Les Misérables, qu’on nomme Les Miz dans la production anglophone de Cameron Mackintosh, qui fit escale à Mogador en 1991 et au Châtelet en 2010, c’est tout simplement le plus grand succès mondial de l’histoire de la comédie musicale (130 millions de spectateurs dans plus de 53 pays et 22 langues, plus que West Side Story…). Un succès qui ne peut que faire écho à la brève préface du monument Les Misérables écrite par Hugo en 1862, en exil à Guernesey : « Tant qu’il y aura sur la terre ignorance et misère, des livres de la nature de celui-ci pourront ne pas être inutiles. » Pour cette recréation 33 ans après la version française mise en scène par Robert Hossein, Alain Boublil et Claude-Michel Schönberg ont revisité les textes ainsi que l’orchestration. Ode au peuple et à sa volonté qui se rebelle contre l’étouffement de ses voix, la traversée sociale et intime, mais aussi historique et philosophique, éclaire celles et ceux dont le destin est scellé par la pauvreté, habités par les ombres du passé, asservis par un système qui les broie. Épris d’idéal, vent debout contre l’asphyxie sociale, Hugo met en lumière les dilemmes et tensions qui assaillent l’âme humaine, et surtout la possibilité de l’espoir, la bonté qui transforme et fait reculer le mal. Le souffle épique de la fresque hugolienne est ici exalté, galvanisé, formidablement concrétisé par la comédie musicale, dans une diction parfaite et une souplesse du chant ample et précise. Condensant en une succession de scènes saisissantes les 1500 pages de la somme hugolienne, l’épopée touche au cœur. Le cœur justement… plus central que l’intellect pour abattre les murailles.

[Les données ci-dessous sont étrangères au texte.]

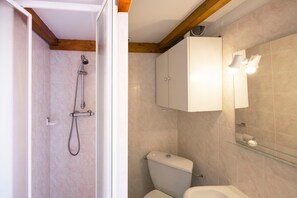 Shower, towels - Cozy Apartment Place Paoli – Mountain View, Heart of Corte (Corte)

Le cœur bat sous la carapace

Celui de Cosette (Juliette Artigala) et Marius (Jacques Preiss) saisi par l’amour (en évitant le piège de la mièvrerie), celui de la poignante Éponine (Océane Demontis) et de l’enfant Gavroche (4 enfants l’interprètent en alternance) frappé par une balle lors des journées d’insurrection en juin 1832, celui de Jean Valjean (Benoît Rameau) qui bat sous la carapace… La fine caractérisation des personnages – qui se plaît à laisser brillamment place à l’humour et au grotesque pour croquer les inénarrables Thénardier (David Alexis et Christine Bonnard) – accorde à chacun d’entre eux une fort belle présence, ancrée dans la société brutale de l’époque. La mise en scène au cordeau de Ladislas Chollat entrelace habilement diverses strates intimes et collectives, divers registres. La traque de l’ancien bagnard Jean Valjean par le policier Javert (Sébastien Duchange) structure le livret. Le premier, 19 ans d’une vie volée, écrasée sous le talon de la loi, qui une fois libéré demeure à cause d’un passeport jaune frappé d’infamie. Le second, enfermé dans une prison mentale qui le voue tout entier à une implacable poursuite des criminels. Leur confrontation est remarquable. Ainsi s’ouvre un intemporel et actuel questionnement sur les frictions entre bien et mal, servitude et liberté, pauvres gens et puissants. Les costumes de Jean-Daniel Vuillermoz ancrent l’œuvre dans son époque, tandis que le beau décor d’Emmanuelle Roy, relié à une symbolique de la rédemption, et la vidéo de CUTBACK délicatement suggestive accompagnent le cheminement des personnages. Les interprètes sont tous éblouissants. N’oublions pas Fantine (Claire Pérot), l’évêque de Digne (Maxime de Toledo) et Enjolras (Stanley Kassa). La standing ovation à la fin impressionne. Elle acclame la qualité du spectacle, et peut-être aussi un peu le désir ardent d’Hugo et des artistes : rallions « la croisade de ceux qui croient au genre humain »…

Agnès Santi

A propos de l'événement

Les Misérables
du mercredi 20 novembre 2024 au jeudi 2 janvier 2025
Théâtre du Châtelet
place du Châtelet, 75001 Paris

du mardi au vendredi à 19h30, samedi à 15h et 20h, dimanche à 15h. Tél. : 01 40 28 28 40. Durée : 3 heures avec un entracte.